Curious how this works under the hood. Did numpy just build functionality to handle pandas objects or is there something else going on here?
data = pandas.Series([1,2,3,4])
numpy.sqrt(data) # returns pandas.Series
In addition to overriding __array__ as the other answer mentions:
pd.Series: it implements __array_ufunc__ so it overrides the ufunc behaviour with that, including how the output should look like.
pd.DataFrame: it doesn't implement that method, but implements __array_wrap__; and this gives the control for how output should look like.
See here for the output type determination. Pandas docs also mentions the series case.

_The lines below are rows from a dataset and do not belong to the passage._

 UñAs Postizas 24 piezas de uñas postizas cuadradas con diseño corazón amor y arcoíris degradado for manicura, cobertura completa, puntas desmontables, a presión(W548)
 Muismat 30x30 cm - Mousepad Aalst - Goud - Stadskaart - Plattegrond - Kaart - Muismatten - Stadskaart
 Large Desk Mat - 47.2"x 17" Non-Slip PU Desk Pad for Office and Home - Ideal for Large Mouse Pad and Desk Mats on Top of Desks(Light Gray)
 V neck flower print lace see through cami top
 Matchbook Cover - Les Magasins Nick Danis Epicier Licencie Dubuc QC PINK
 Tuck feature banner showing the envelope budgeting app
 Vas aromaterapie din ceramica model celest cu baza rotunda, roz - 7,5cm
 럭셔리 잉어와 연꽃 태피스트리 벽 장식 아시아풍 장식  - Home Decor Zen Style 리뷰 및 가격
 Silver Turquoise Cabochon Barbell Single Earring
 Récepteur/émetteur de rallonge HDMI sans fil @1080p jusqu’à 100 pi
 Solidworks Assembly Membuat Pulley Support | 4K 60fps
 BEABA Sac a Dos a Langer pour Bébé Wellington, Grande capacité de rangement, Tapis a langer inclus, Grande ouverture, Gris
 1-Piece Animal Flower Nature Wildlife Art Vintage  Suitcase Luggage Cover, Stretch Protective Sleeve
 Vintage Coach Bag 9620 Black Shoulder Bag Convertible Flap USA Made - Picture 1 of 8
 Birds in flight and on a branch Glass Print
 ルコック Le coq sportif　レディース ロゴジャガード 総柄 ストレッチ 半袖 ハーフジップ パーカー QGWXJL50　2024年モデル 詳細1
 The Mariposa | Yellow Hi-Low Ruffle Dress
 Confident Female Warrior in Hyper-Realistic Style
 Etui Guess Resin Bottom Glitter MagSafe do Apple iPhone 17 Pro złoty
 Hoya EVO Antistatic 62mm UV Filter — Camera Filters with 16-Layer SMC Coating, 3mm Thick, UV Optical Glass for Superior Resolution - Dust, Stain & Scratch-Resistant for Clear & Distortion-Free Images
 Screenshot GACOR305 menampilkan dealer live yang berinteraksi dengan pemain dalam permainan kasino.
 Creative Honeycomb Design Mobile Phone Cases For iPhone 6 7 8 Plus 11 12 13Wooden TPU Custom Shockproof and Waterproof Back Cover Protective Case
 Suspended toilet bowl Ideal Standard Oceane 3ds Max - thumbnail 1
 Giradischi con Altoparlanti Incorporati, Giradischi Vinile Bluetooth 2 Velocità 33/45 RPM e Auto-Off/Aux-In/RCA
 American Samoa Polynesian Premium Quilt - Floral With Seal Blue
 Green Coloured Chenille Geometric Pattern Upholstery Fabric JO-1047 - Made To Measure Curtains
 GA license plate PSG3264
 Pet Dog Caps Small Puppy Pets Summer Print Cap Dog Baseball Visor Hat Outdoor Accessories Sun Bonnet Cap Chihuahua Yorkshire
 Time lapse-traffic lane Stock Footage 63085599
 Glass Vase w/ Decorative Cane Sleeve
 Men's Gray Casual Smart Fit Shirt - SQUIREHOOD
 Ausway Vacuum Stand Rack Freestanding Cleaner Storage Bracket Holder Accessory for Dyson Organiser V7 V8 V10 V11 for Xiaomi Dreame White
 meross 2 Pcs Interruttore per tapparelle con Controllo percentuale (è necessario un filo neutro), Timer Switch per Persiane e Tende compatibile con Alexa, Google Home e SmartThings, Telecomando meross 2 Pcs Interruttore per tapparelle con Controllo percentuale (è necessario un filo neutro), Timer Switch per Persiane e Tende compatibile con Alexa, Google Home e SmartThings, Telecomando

The dataframe (and Series) has an __array__ method:
In [138]: df
Out[138]:
Account1 Account2 m_solution
0 150 18 -117.857143
1 130 1200 104.586466
2 150 18 -117.857143
3 106 1200 88.793262
4 150 18 -117.857143
5 170 1200 127.810219
6 150 138 -6.250000
7 1056 1200 67.404255
In [139]: df.__array__()
Out[139]:
array([[ 150. , 18. , -117.85714286],
[ 130. , 1200. , 104.58646617],
[ 150. , 18. , -117.85714286],
[ 106. , 1200. , 88.79326187],
[ 150. , 18. , -117.85714286],
[ 170. , 1200. , 127.81021898],
[ 150. , 138. , -6.25 ],
[1056. , 1200. , 67.40425532]])
Equivalently you can get the array with:
In [140]: df.values
Out[140]:
array([[ 150. , 18. , -117.85714286],
[ 130. , 1200. , 104.58646617],
[ 150. , 18. , -117.85714286],
[ 106. , 1200. , 88.79326187],
[ 150. , 18. , -117.85714286],
[ 170. , 1200. , 127.81021898],
[ 150. , 138. , -6.25 ],
[1056. , 1200. , 67.40425532]])
In [141]: df.to_numpy()
Out[141]:
array([[ 150. , 18. , -117.85714286],
[ 130. , 1200. , 104.58646617],
[ 150. , 18. , -117.85714286],
[ 106. , 1200. , 88.79326187],
[ 150. , 18. , -117.85714286],
[ 170. , 1200. , 127.81021898],
[ 150. , 138. , -6.25 ],
[1056. , 1200. , 67.40425532]])
I think pandas docs encourage the use of to_numpy.
The data of the frame is stored in one or more arrays (depending on dtypes). Whether the array you get these ways is actually that array, a view or copy may vary.
Code for __array__
Signature: df.__array__(dtype=None) -> 'np.ndarray'
Docstring: <no docstring>
Source:
def __array__(self, dtype=None) -> np.ndarray:
return np.asarray(self._values, dtype=dtype)
See also Series.__array__. It's a bit different.
and Series.__array_wrap__:
S.__array_wrap__(
result: 'np.ndarray',
context: 'Optional[Tuple[Callable, Tuple[Any, ...], int]]' = None,
)
Docstring:
Gets called after a ufunc and other functions.
Parameters
----------
result: np.ndarray
The result of the ufunc or other function called on the NumPy array
returned by __array__
Series, I see __array_wrap__. A Series isn't a subclass of ndarray, but it appears to have many of the methods that make it behave as one.